Your task
Repeat exactly the line that contains "archaeological tools and" and every line after it, down to the last line of the entries below. Do not include pictures.

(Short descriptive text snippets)

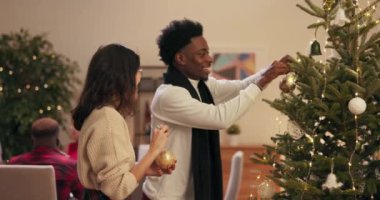 Gözlüklü Asyalı kız ve süveter ve siyah eşarplı Afrikalı oğlan Noel ağacının yanında duruyor. Süslemeleri ellerinde tutuyorlar ve ağaca tutunuyorlar. Arkadaşlar gülümsüyor..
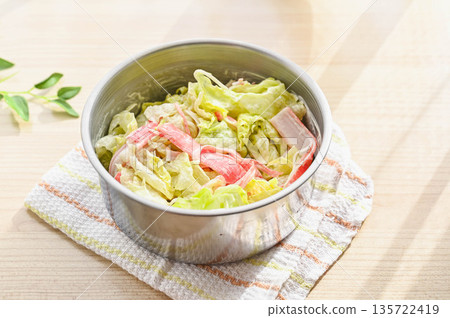 Lettuce and crab sticks with mayonnaise 135722419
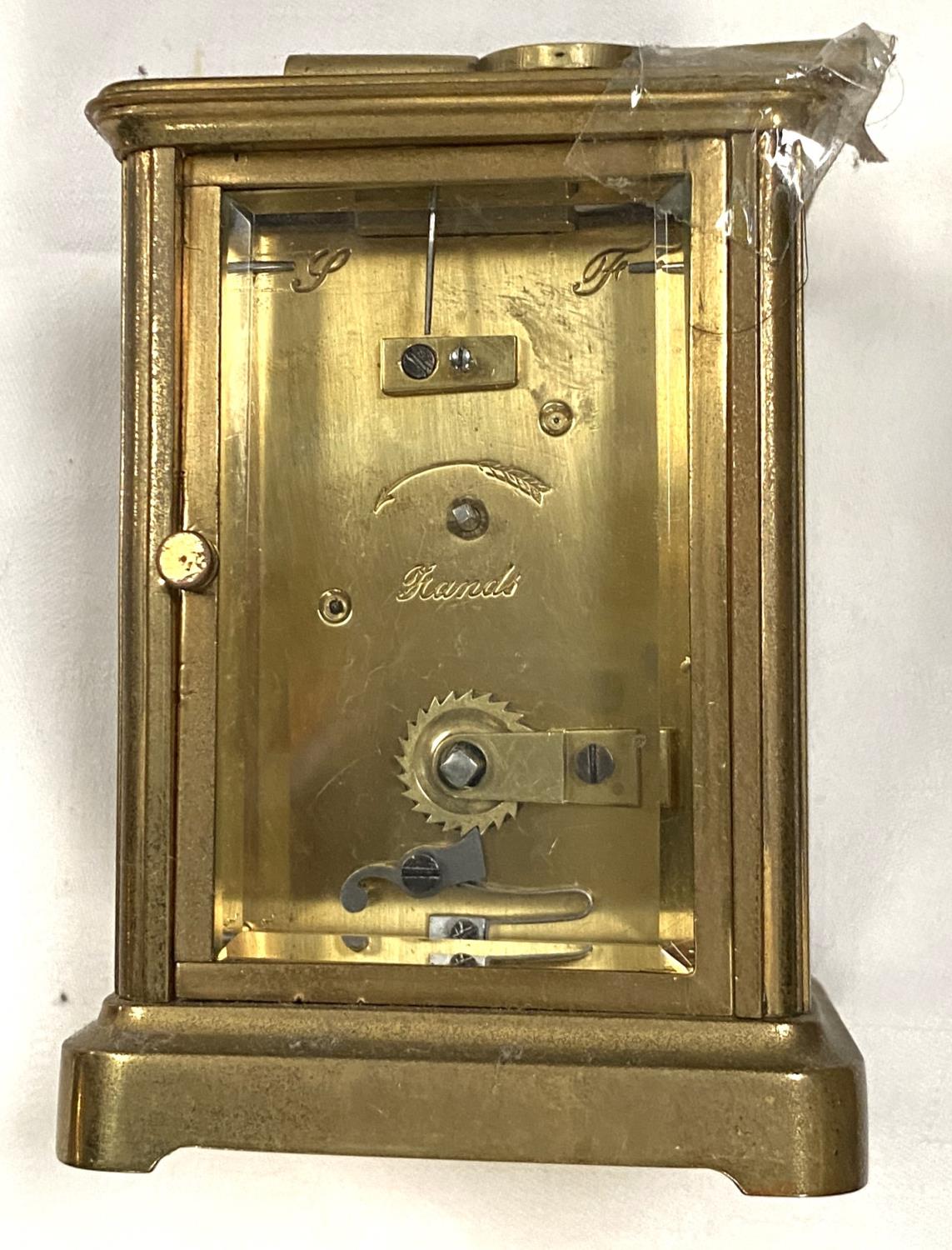 A 20th century brass carriage clock; a reproduction brass carriage clock; a period style brass - Image 6 of 6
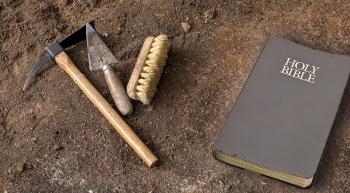 archaeological tools and a Bible laying on the dirt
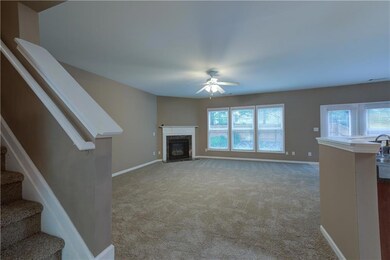 Unfurnished living room with ceiling fan, stairs, carpet flooring, and baseboards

Answer section
 archaeological tools and a Bible laying on the dirt
 Unfurnished living room with ceiling fan, stairs, carpet flooring, and baseboards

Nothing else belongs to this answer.